* Image-text web data *
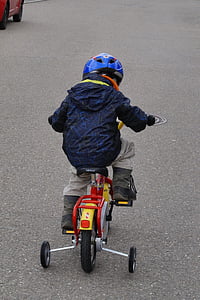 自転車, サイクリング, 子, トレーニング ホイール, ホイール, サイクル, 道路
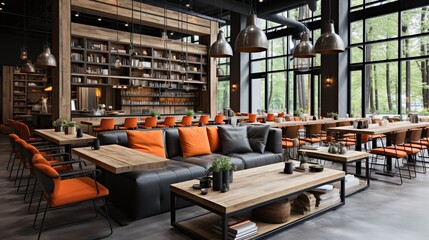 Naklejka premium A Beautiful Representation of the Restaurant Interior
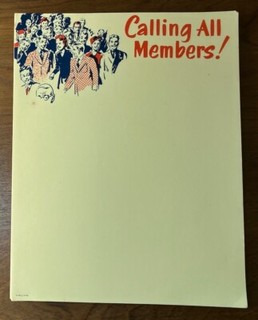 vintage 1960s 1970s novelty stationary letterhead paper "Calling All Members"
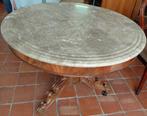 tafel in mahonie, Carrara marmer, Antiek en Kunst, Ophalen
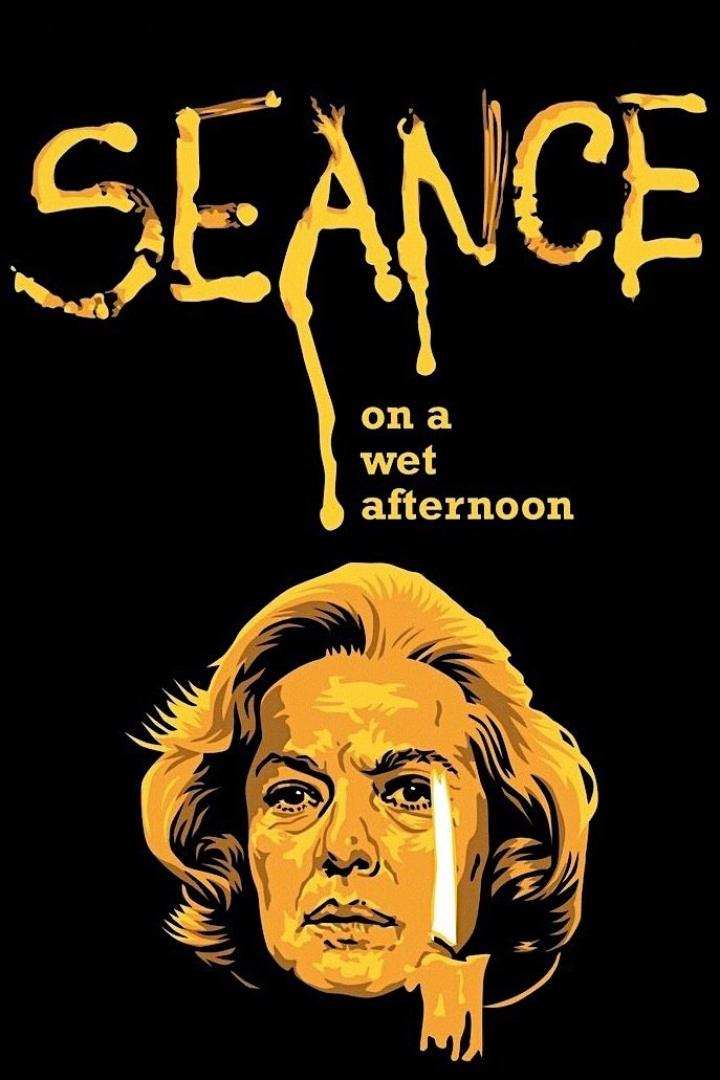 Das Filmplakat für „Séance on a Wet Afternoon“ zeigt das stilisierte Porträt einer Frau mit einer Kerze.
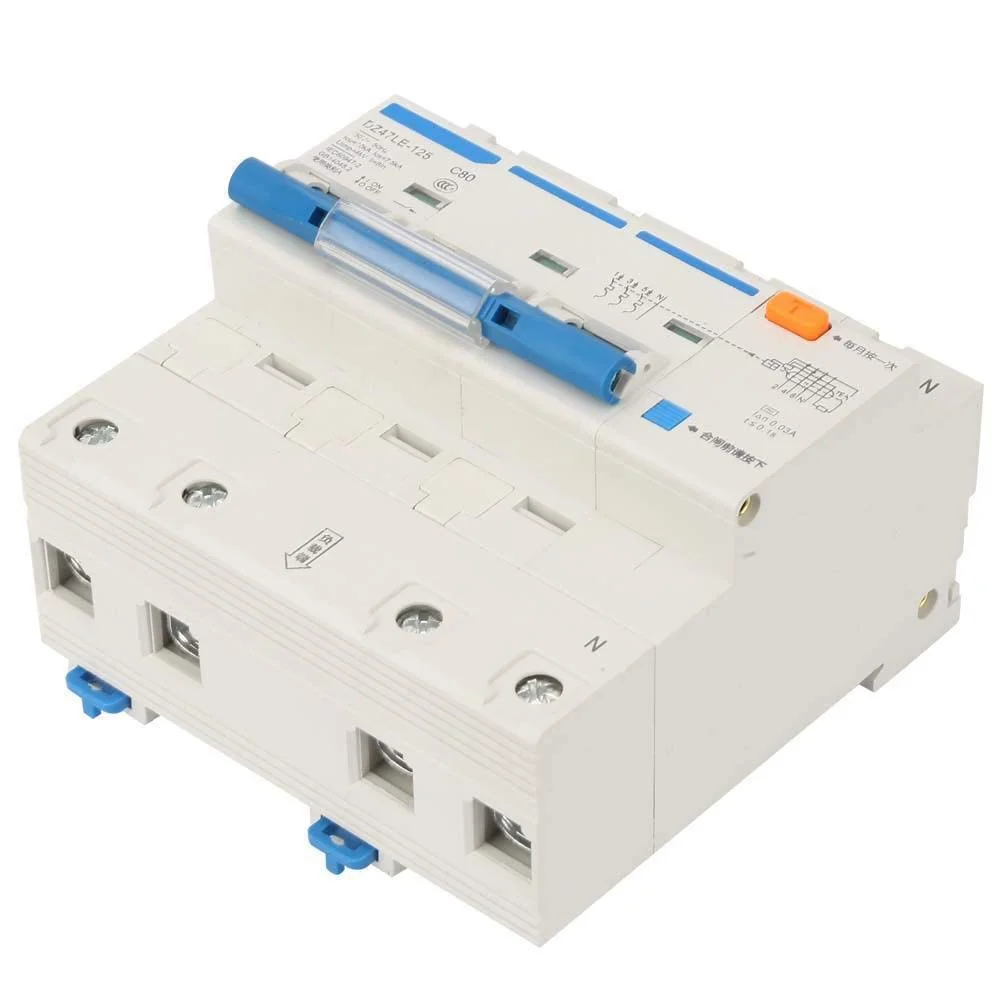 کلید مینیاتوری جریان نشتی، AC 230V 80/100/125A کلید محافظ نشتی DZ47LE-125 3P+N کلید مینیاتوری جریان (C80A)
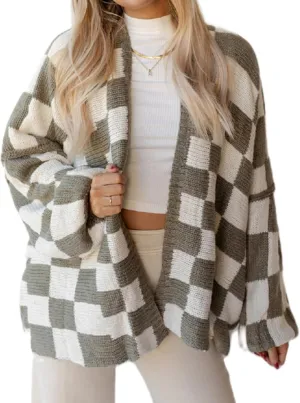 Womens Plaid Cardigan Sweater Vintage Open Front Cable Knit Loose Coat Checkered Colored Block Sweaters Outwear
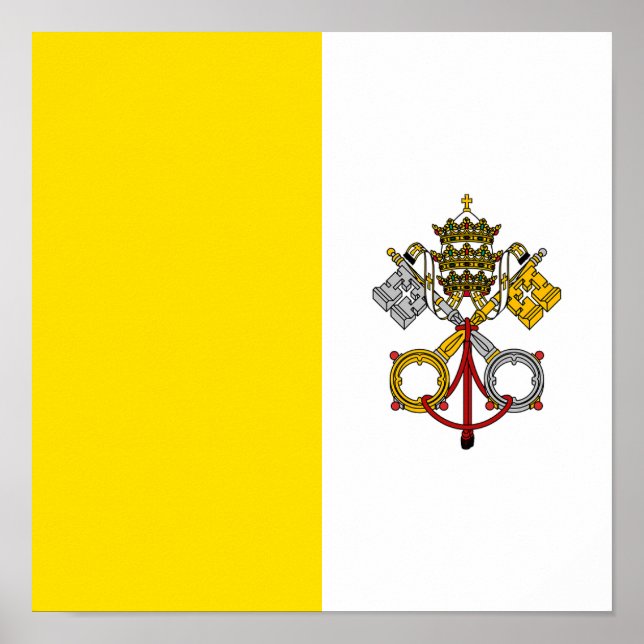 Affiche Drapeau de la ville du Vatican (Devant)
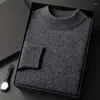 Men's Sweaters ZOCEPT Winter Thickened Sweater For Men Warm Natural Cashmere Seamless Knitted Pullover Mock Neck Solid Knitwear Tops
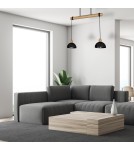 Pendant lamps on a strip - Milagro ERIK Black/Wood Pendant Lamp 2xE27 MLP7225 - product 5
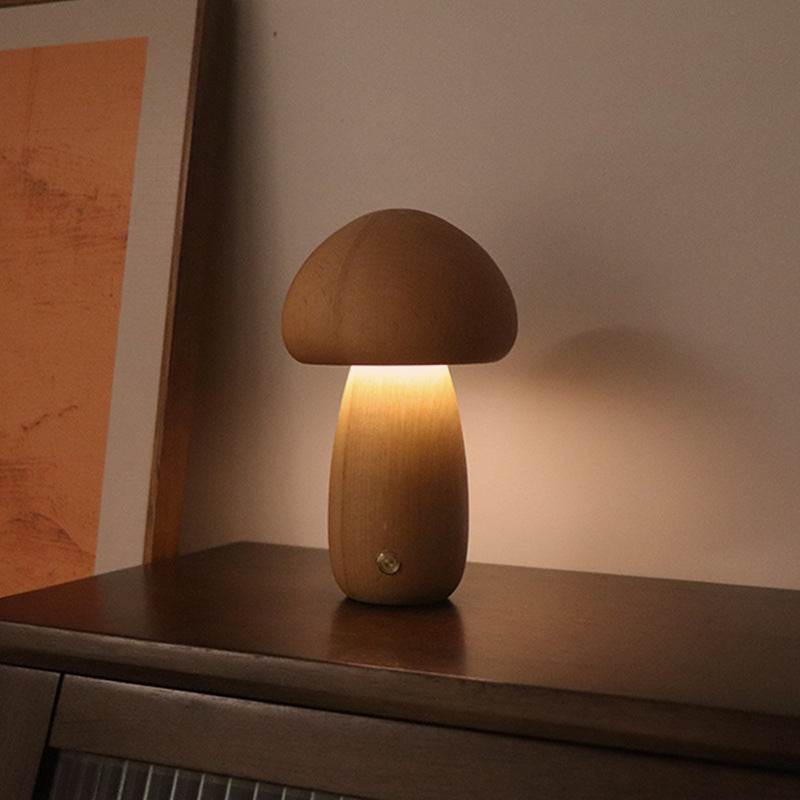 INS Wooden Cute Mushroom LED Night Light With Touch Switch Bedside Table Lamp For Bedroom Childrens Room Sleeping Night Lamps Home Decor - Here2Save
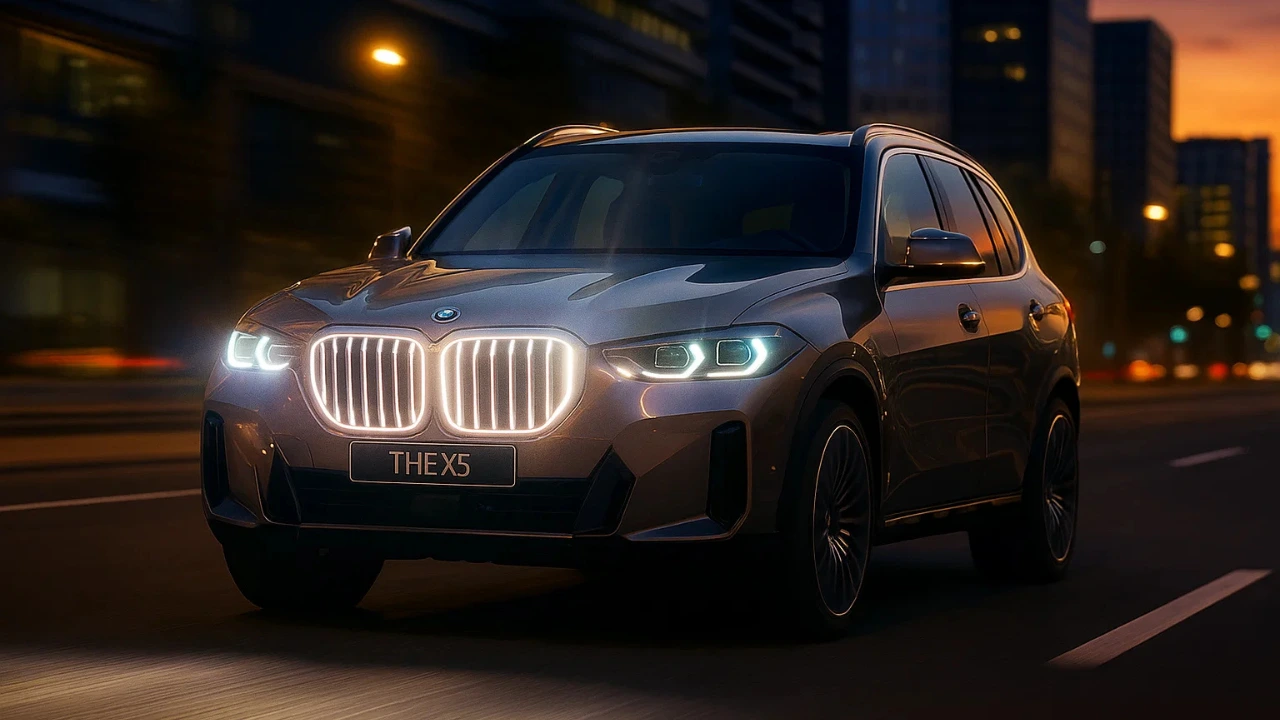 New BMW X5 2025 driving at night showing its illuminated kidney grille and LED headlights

* Exercise goal *
Beginning with the line that has "Affiche Drapeau de", repeat each remaining line of the data above word for word, keeping pictures out.

* Expected answer *
 Affiche Drapeau de la ville du Vatican (Devant)
 Men's Sweaters ZOCEPT Winter Thickened Sweater For Men Warm Natural Cashmere Seamless Knitted Pullover Mock Neck Solid Knitwear Tops
 Pendant lamps on a strip - Milagro ERIK Black/Wood Pendant Lamp 2xE27 MLP7225 - product 5
 INS Wooden Cute Mushroom LED Night Light With Touch Switch Bedside Table Lamp For Bedroom Childrens Room Sleeping Night Lamps Home Decor - Here2Save
 New BMW X5 2025 driving at night showing its illuminated kidney grille and LED headlights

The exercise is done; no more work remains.